In November of last year, Steve Jobs’ official biographer Walter Isaacson revealed that Jobs had wanted to reinvent three things: television, textbooks, and photography. Last week Apple announced that it was reinventing textbooks with iBooks 2, which is intended to start a digital textbook revolution. The company is also rumored to be working on a Siri-enabled TV. Now, hints about what Steve Jobs wanted to do with photography are starting to emerge, and the murmuring is centered around one company: Lytro.

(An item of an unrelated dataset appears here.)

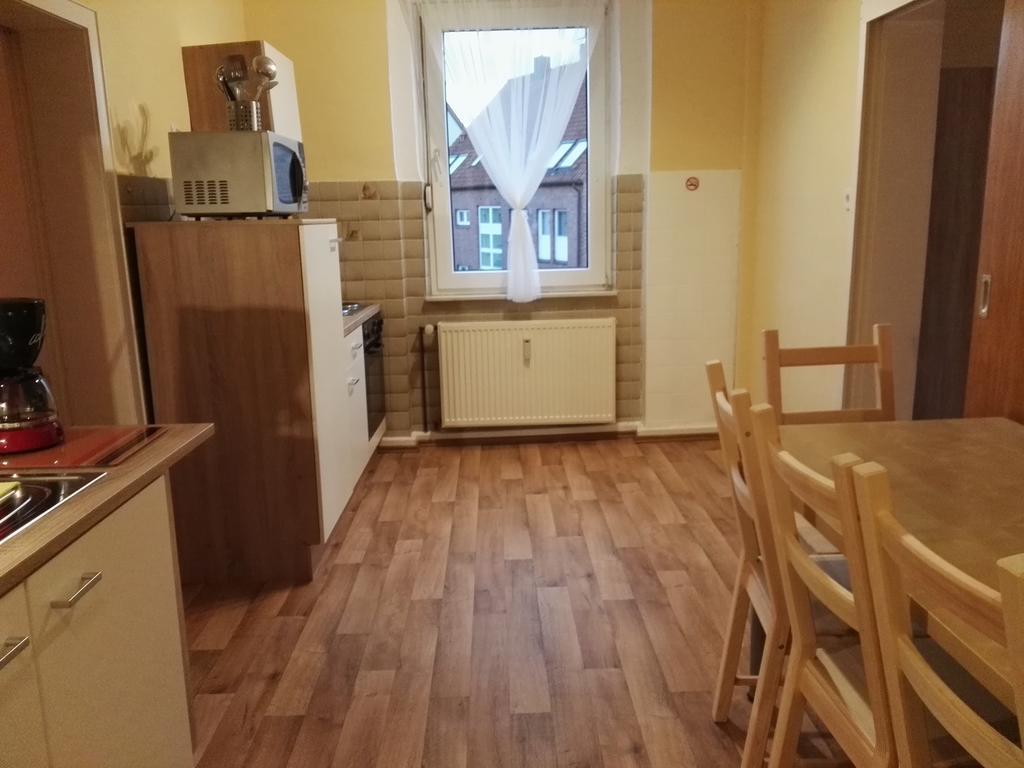 Zu Hause Bei Freunden Apartment Dortmund Bagian luar foto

Apparently in Jobs’ final months of life, he made an effort to meet with Lytro founder Ren Ng to discuss the light-field technology, which eschews traditional focusing by capturing an entire “light field”, allowing the focus and depth of field in photos to be applied after photos are taken. In his upcoming book Inside Apple, Adam Lashinsky writes,

The company’s CEO, Ren Ng, a brilliant computer scientist with a PhD from Stanford, immediately called Jobs, who picked up the phone and quickly said, “if you’re free this afternoon maybe we would could get together.” Ng, who is thirty-two, hurried to Palo Alto, showed Jobs a demo of Lytro’s technology, discussed cameras and product design with him, and, at Jobs’s request, agreed to send him an email outlining three things he’d like Lytro to do with Apple.

Lytro’s consumer light-field camera has yet to hit store shelves, but perhaps the company is already working with Apple to bring the technology to a future iPhone… That would certainly be a big step towards ‘reinventing photography’.